Between the line containing "Discover refined living" and the line containing "Figura Eustass Kid" lies a run of lines; give that run again exactly, with both of those lines, and nothing else from the entries below.

Collected data
.....
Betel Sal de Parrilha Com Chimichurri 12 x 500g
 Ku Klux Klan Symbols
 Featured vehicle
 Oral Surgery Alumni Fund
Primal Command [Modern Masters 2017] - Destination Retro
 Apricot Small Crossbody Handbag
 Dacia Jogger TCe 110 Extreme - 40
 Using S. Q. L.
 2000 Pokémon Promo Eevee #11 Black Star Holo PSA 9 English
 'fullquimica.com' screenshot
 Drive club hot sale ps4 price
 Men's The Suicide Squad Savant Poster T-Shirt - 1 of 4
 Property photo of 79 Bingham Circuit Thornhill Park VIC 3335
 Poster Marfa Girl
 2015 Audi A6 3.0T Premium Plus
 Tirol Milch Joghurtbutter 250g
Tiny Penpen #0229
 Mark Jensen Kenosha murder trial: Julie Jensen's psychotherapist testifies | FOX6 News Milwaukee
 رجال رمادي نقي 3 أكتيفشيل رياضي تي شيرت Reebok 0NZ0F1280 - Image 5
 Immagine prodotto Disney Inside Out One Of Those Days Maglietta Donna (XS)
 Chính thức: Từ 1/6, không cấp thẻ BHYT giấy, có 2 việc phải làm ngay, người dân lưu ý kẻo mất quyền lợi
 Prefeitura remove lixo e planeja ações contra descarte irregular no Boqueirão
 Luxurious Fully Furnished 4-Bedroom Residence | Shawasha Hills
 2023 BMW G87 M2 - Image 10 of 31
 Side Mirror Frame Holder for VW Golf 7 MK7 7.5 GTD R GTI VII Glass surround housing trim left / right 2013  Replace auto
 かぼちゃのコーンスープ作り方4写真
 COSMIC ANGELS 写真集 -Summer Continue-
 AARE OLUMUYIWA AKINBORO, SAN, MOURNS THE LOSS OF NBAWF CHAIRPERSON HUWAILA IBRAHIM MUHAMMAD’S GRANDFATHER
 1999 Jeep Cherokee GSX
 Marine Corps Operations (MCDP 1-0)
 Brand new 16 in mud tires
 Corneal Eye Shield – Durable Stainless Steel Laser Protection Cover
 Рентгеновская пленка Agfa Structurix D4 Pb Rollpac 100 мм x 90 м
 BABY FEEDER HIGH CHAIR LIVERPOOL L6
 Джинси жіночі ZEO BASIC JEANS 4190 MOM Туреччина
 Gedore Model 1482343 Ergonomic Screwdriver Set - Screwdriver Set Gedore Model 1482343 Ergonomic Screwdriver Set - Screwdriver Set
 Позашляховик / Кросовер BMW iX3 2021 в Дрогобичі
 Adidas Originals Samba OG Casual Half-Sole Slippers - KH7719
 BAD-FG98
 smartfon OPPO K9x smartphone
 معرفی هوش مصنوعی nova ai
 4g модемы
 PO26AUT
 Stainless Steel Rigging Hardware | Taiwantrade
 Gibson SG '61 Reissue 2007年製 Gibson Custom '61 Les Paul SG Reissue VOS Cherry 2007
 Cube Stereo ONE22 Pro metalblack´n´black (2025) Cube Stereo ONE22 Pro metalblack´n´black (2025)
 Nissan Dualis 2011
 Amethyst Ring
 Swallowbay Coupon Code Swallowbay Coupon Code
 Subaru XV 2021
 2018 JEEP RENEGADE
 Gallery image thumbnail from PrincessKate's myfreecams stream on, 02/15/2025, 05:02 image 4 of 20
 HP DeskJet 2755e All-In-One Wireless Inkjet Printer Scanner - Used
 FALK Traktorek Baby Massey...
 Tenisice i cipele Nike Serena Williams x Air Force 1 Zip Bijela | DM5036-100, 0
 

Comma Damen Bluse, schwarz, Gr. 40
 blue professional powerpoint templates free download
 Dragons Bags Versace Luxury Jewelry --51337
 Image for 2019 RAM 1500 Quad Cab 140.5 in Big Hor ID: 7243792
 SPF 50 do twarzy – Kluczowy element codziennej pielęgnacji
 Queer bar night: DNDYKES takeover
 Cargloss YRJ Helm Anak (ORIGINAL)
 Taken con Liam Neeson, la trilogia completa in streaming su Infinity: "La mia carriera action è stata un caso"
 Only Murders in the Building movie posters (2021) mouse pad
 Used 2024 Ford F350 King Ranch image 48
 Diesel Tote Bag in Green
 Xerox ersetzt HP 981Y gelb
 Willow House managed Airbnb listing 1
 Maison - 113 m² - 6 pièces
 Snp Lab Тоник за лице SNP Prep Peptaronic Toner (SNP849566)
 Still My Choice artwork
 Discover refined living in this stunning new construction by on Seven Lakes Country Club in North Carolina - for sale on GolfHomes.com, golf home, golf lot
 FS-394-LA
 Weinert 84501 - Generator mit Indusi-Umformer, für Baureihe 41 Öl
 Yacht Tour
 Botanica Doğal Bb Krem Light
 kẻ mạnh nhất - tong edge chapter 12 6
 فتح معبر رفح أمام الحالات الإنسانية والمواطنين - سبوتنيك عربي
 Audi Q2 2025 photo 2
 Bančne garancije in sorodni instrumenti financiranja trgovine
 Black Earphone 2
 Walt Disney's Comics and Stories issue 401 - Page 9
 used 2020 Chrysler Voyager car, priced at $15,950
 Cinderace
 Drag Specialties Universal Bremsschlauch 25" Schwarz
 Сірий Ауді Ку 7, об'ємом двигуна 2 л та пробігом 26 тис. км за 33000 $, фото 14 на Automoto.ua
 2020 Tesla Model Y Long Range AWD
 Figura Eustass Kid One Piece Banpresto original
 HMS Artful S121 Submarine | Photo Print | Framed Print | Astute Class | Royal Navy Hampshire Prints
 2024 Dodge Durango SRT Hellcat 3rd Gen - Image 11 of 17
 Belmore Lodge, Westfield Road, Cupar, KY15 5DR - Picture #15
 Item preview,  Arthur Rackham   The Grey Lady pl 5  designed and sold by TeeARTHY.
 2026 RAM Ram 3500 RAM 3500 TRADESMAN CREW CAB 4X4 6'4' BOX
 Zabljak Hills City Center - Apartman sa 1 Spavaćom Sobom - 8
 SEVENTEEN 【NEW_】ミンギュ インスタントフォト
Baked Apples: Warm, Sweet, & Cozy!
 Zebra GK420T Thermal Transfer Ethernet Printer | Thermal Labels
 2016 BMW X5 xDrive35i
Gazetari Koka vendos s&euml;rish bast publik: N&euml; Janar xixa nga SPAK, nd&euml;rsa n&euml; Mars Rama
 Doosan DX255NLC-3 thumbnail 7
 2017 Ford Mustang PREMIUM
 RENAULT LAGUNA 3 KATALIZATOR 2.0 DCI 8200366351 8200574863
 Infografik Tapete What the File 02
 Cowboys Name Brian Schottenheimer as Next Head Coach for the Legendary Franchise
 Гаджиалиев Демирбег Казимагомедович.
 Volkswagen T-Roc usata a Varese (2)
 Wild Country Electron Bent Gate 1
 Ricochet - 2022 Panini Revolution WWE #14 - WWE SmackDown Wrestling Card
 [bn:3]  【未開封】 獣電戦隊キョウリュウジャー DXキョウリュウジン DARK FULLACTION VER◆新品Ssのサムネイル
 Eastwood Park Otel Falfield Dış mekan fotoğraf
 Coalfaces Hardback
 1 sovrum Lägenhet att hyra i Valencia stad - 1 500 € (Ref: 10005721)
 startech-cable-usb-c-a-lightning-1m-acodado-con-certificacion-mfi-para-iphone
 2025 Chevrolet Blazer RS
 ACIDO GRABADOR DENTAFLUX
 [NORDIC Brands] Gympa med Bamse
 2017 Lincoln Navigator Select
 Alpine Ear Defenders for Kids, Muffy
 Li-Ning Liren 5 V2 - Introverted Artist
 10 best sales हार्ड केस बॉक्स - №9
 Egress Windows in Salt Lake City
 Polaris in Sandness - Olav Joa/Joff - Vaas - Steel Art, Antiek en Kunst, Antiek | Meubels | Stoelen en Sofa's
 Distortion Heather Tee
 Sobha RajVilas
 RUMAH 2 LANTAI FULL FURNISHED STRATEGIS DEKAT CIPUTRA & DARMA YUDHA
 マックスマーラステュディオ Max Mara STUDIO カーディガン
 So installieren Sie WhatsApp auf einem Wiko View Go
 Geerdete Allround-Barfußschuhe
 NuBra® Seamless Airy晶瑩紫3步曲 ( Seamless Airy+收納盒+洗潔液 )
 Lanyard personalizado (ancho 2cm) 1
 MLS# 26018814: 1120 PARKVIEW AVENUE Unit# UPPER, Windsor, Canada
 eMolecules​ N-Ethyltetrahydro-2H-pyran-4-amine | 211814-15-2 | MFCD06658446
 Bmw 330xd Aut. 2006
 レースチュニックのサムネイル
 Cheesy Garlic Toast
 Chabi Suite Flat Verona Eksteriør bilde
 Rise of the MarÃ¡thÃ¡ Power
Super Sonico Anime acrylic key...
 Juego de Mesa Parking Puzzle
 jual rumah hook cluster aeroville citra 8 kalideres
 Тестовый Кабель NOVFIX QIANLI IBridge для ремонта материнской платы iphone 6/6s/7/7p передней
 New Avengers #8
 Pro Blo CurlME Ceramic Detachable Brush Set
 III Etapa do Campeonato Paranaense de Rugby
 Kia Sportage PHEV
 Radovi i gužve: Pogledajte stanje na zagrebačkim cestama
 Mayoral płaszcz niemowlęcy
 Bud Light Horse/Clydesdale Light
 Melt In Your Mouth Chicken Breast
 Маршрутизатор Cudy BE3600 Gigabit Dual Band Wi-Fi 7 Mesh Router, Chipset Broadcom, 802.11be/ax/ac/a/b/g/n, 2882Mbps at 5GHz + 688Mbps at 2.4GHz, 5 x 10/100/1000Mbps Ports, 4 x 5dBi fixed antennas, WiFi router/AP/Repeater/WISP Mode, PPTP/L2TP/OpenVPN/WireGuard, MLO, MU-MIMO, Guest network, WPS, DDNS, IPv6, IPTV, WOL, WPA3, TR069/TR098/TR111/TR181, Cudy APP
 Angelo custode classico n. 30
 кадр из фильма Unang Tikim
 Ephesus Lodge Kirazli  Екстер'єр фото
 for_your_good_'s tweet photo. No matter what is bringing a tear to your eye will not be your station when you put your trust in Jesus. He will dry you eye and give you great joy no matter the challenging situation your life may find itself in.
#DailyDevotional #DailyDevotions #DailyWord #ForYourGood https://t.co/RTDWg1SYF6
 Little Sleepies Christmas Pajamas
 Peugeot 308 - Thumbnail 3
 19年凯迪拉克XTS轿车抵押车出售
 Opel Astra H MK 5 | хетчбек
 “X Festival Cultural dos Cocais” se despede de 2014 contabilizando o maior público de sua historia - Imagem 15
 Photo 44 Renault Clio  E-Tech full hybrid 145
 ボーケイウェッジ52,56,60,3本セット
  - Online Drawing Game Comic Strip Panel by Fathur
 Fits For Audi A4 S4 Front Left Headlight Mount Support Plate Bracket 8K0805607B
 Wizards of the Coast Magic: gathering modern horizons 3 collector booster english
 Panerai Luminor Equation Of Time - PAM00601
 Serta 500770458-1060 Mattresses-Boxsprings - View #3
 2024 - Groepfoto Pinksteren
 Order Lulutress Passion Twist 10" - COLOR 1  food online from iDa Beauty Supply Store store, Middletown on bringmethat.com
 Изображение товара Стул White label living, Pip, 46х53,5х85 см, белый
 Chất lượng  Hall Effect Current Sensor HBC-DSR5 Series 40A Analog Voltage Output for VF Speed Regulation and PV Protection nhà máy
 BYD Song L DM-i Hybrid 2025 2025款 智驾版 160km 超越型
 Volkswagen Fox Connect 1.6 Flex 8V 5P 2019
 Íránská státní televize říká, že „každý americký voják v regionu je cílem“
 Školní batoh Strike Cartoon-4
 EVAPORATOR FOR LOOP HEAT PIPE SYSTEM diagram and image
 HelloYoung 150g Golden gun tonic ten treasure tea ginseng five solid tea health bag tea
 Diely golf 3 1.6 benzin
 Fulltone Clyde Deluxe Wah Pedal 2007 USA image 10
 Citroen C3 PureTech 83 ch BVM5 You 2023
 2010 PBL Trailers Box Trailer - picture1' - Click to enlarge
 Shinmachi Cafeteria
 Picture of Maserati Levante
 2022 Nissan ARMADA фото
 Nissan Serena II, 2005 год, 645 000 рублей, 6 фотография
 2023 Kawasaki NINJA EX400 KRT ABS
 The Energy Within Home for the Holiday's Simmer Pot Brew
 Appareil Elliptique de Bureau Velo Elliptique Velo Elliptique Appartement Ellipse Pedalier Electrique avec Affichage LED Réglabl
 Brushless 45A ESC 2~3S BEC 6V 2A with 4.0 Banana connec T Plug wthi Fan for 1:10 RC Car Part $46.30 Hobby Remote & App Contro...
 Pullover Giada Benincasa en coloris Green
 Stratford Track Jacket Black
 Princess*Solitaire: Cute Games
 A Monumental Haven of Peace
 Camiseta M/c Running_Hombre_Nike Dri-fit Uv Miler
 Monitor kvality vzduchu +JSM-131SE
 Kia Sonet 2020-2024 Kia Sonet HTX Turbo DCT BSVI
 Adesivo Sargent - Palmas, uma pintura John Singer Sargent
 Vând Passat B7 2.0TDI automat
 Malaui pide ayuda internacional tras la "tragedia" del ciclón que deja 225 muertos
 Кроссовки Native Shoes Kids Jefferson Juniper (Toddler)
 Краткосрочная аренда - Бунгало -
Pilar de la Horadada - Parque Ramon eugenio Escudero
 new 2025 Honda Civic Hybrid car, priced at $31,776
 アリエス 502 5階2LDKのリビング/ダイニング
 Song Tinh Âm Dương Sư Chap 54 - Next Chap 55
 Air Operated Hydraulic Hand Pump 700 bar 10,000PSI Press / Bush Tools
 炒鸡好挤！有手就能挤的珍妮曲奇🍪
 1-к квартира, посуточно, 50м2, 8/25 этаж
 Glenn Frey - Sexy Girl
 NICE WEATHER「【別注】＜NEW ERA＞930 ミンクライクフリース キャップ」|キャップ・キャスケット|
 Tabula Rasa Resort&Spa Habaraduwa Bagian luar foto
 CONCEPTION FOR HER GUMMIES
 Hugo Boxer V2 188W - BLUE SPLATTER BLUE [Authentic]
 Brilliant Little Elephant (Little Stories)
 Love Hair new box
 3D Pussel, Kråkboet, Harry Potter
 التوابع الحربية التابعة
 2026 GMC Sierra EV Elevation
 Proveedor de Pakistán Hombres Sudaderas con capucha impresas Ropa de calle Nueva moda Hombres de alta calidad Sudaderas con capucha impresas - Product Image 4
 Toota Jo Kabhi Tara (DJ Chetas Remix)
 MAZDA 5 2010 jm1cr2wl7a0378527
.....
Finished exercise:
 Discover refined living in this stunning new construction by on Seven Lakes Country Club in North Carolina - for sale on GolfHomes.com, golf home, golf lot
 FS-394-LA
 Weinert 84501 - Generator mit Indusi-Umformer, für Baureihe 41 Öl
 Yacht Tour
 Botanica Doğal Bb Krem Light
 kẻ mạnh nhất - tong edge chapter 12 6
 فتح معبر رفح أمام الحالات الإنسانية والمواطنين - سبوتنيك عربي
 Audi Q2 2025 photo 2
 Bančne garancije in sorodni instrumenti financiranja trgovine
 Black Earphone 2
 Walt Disney's Comics and Stories issue 401 - Page 9
 used 2020 Chrysler Voyager car, priced at $15,950
 Cinderace
 Drag Specialties Universal Bremsschlauch 25" Schwarz
 Сірий Ауді Ку 7, об'ємом двигуна 2 л та пробігом 26 тис. км за 33000 $, фото 14 на Automoto.ua
 2020 Tesla Model Y Long Range AWD
 Figura Eustass Kid One Piece Banpresto original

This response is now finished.